#### ASSIGNED TASK:
With the pictures removed, write out the full listing below exactly.

___ PROVIDED DATA ___

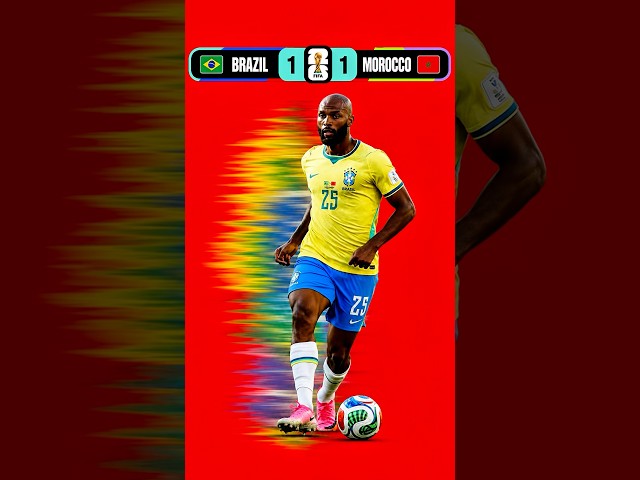 Igor Thiago Is Not Good Enough - Brazil 1-1 Morocco #worldcup #brazil #morocco #soccer #shorts #fifa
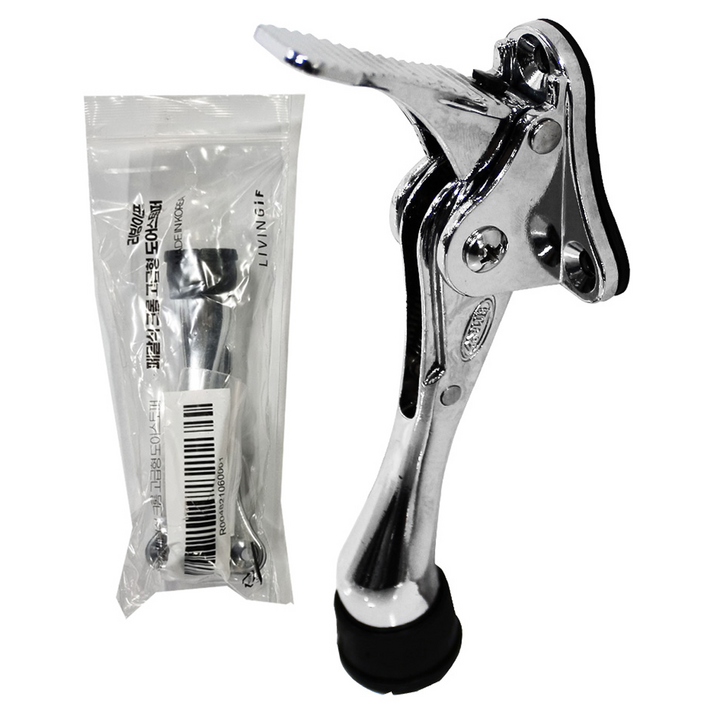 리빙이프 페달식 크롬 고급형 도어스토퍼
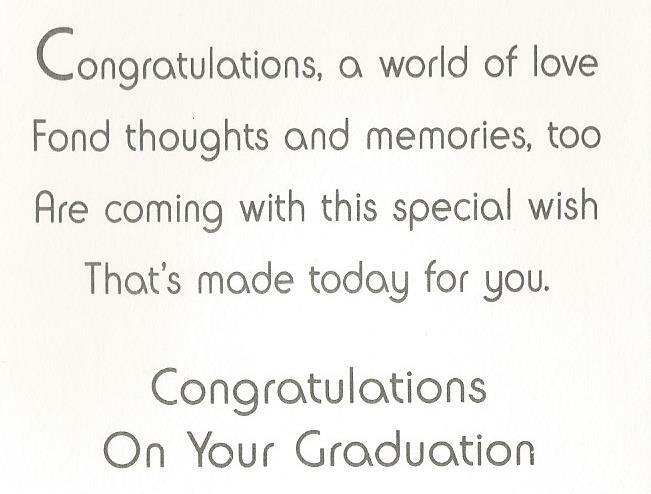 Congratulations, Sister (G)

___

#### RESPONSE TO THE EXERCISE:
 Igor Thiago Is Not Good Enough - Brazil 1-1 Morocco #worldcup #brazil #morocco #soccer #shorts #fifa
 리빙이프 페달식 크롬 고급형 도어스토퍼
 Congratulations, Sister (G)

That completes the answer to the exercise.